Portfolio Manager Chul Chang discusses valuations, opportunities in technology and industrials, rising debt levels and ESG considerations.
After the pro-cyclical start for markets in 2021, there has been a shift to high-quality, defensive names, as well as a greater focus on growth areas, such as technology. The cyclical rally may not be over, although some investors may take profits and continue to move into defensive stocks.
Better than expected company earnings have helped valuation levels. However, low interest rates have also been a driver of US stock performance. Historically low rates and historically high margins may be headwinds for companies going forward if they mean revert. Investors must remain vigilant around company fundamentals. While valuations can help determine the sizing of positions, investors should focus on selecting the right business with earnings power and remain invested for the long run. We believe stable and predictable companies that are steady compounders are more attractively valued compared to companies with more erratic
The trend towards technology that sustains higher productivity and efficiency should continue to play out. Good quality growth can be found not only in technology, but also in other sectors such as industrials.
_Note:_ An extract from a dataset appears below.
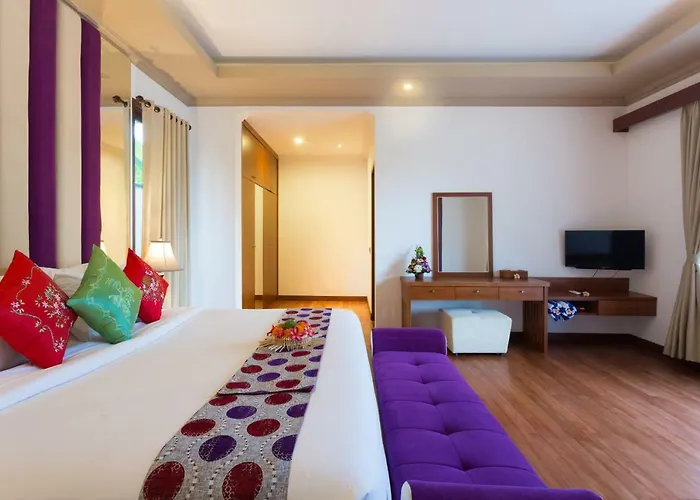 Sabasanti Gianyar 3* Keramas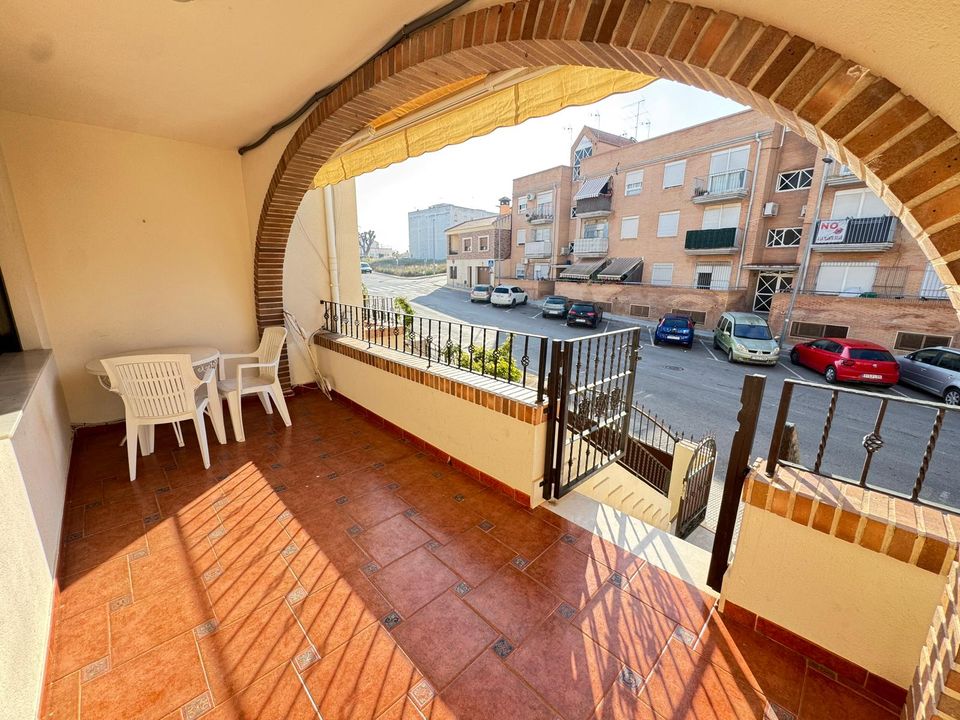 Byhus i San Miguel De Salinas, Alicante - foto 2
Some companies that sell software or cloud subscriptions may be less affected by inflationary and labor pressures, but most companies are dealing with the issues to some extent. Home Depot, for example, has invested in supply chain and logistics enabling it to procure merchandise, ensure delivery and take market share from smaller competitors. Companies that don’t have pricing power (such as those selling commoditized products) are at risk, while companies with strong brands and differentiated products should benefit.
Potential tax rises will affect almost all business but will vary according to industry. We will do our due diligence to assess any potential for outsized impact and focus on strong companies with competitive moats that can grow over the long run.
Rising debt levels in the US can be a headwind to future growth. There are other economic challenges, including deglobalization and slowing emerging markets growth. We believe a defensively positioned portfolio can provide comfort amid uncertainty.
Climate-related considerations and ESG more broadly are important to investors. We are seeking companies that are ahead of the curve on these topics. More companies are moving from fulfilling a checklist and providing disclosure to setting targets and making progress.